Ist diese Entwicklung für Sie prinzipiell positiv?

Ich kann das nicht immer so sagen, positiv oder negativ, das sind ja immer sehr gemischte, vielschichtige Prozesse. Ich kann natürlich sehr negative Punkte festmachen, was dann eine Kritik ist, die notwendig ist, damit wir nicht kopflos in all unsere Phänomene hineinfallen oder von ihnen aufgefressen werden. „Abendland“ zeigt recht genau einen Teil der Struktur und Ausschnitte von Dienstleistungen, wo wir uns wundern müssen, wie sehr wir schon die Dienerinnen und Diener der Maschinen geworden sind, anstatt sie zu nutzen, um unsere Individualität nicht zu verlieren. Und diese Gefahr besteht! In „Judenburg findet Stadt“ ist das andeutungsweise auf einer ganz anderen Ebene auch zu sehen. Die Abhängigkeit von Maschinen und ihren Systemen, der Verlust der Erinnerungen, die Art des Speicherns der erlebten Geschichte, das alles sind Themen unserer Zeit. Und da ist die sehr große Gefahr, dass da die Erinnerung aufhört, weil die Sachen nach zehn Jahren verschwunden sind, oder die Geräte nicht mehr benutzt werden können. Es gibt Geräte, die sind zehn, fünfzehn Jahre alt und es gibt für sie keine Anschlüsse mehr. Alles was darin gespeichert war, ob irgendwelche Daten auf Disketten oder auch Filme, ist kaputt und verloren. Ein 16mm-Film dagegen, der 30 Jahre oder älter ist, der ist nach wie vor vorhanden. Das ist ein Material, das sich nicht so schnell auflöst. Natürlich muss es gepflegt werden, aber es ist nicht für immer verschwunden in irgendeinem Pixel-Universum, das nicht mehr nachzuvollziehen ist.

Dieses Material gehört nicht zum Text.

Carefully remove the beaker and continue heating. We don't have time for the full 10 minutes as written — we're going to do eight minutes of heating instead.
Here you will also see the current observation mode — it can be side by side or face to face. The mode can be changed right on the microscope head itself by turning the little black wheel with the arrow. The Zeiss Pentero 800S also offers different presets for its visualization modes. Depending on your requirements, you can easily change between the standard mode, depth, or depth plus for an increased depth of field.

Kommen wir zu einem Thema, über das wir wahrscheinlich problemlos viele Stunden reden könnten und das auch bei der heurigen Diagonale einen Schwerpunkt bildet: Frauen, genauer gesagt Frauen in der Filmbranche. Für Sie als eine Frau, die seit vielen Jahren in dieser nach wie vor von Männern dominierten Branche tätig ist, wie war das damals, wie ist das heute?

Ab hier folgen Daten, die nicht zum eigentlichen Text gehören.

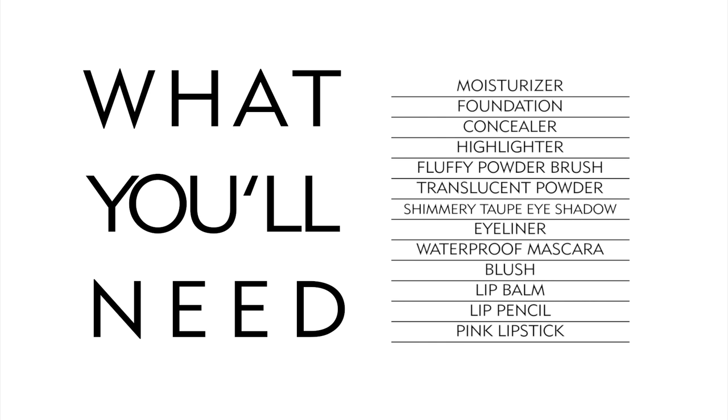First, let's make sure you have all the products and tools you need. Moisturizer. Foundation. Concealer. Highlighter. A powder brush. Translucent powder. Shimmery taupe eyeshadow. Eyeliner. Waterproof mascara. Blush. Lip balm. Lip pencil. And a pink lipstick.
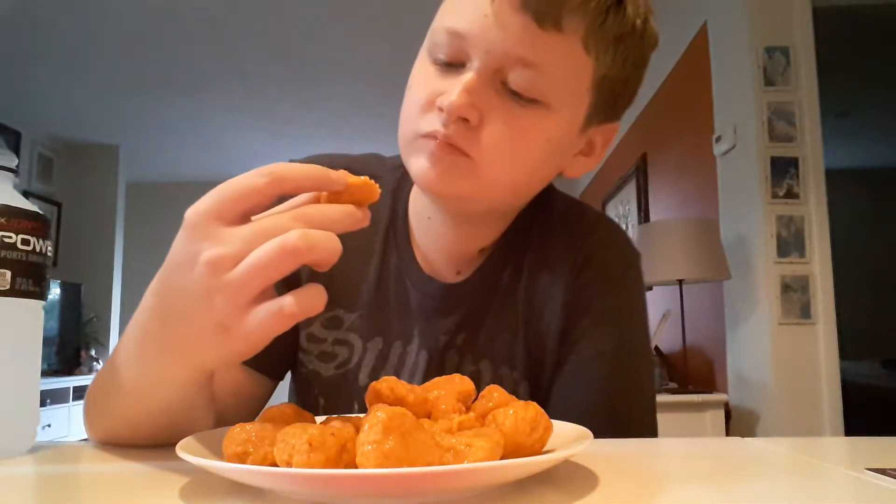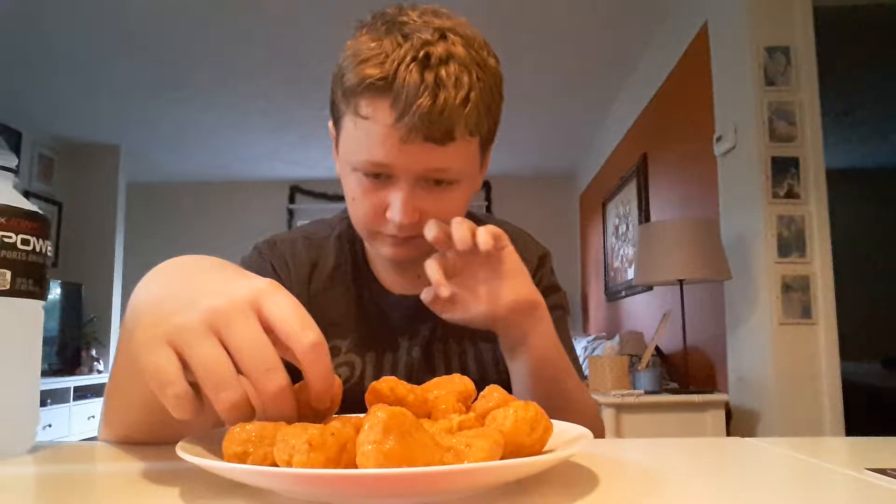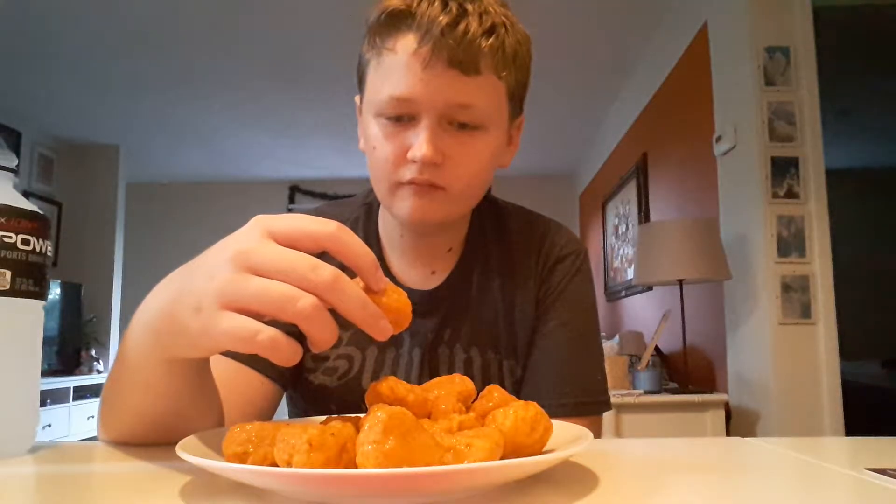Here goes nothing. Oh, and a Happy New Year to you guys. Alright. Pick up our first one. Hands are gonna be messy after this one. Pretty good. Chicken's good. And they're spicy — a lot spicier than the Tyson. It's got a good flavor, too, though. Alright, that's number three.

Es muss immer gerungen werden, denn es ist noch immer ein großes, breites Feld, wo noch nichts passiert ist, oder auch viel wieder vergessen wurde. Deshalb ist die Betonung darauf sehr wichtig, dass da seitens der Frauen ein großes Potential ist. Es fängt doch schon damit an, dass es nach wie vor so wenig gleichgestellte Bezahlung gibt. Die Diskussion war schon vor 35 Jahren hochaktuell und es ist noch immer nicht passiert, dass bei der Bezahlung von weiblicher und männlicher Leistung in denselben Positionen dieselbe Ebene selbstverständlich ist. Da frage ich mich, was soll denn das? Die jungen Frauen müssen das betonen, müssen auf die Barrikaden gehen und dürfen sich das nicht bieten lassen. Und von den Männern wünsche ich mir, dass sie sich selbst fragen, warum das eigentlich nach wie vor so eine seltsame Selbstverständlichkeit ist, diese Unterschiede über all die Jahre immer noch aufrecht zu erhalten.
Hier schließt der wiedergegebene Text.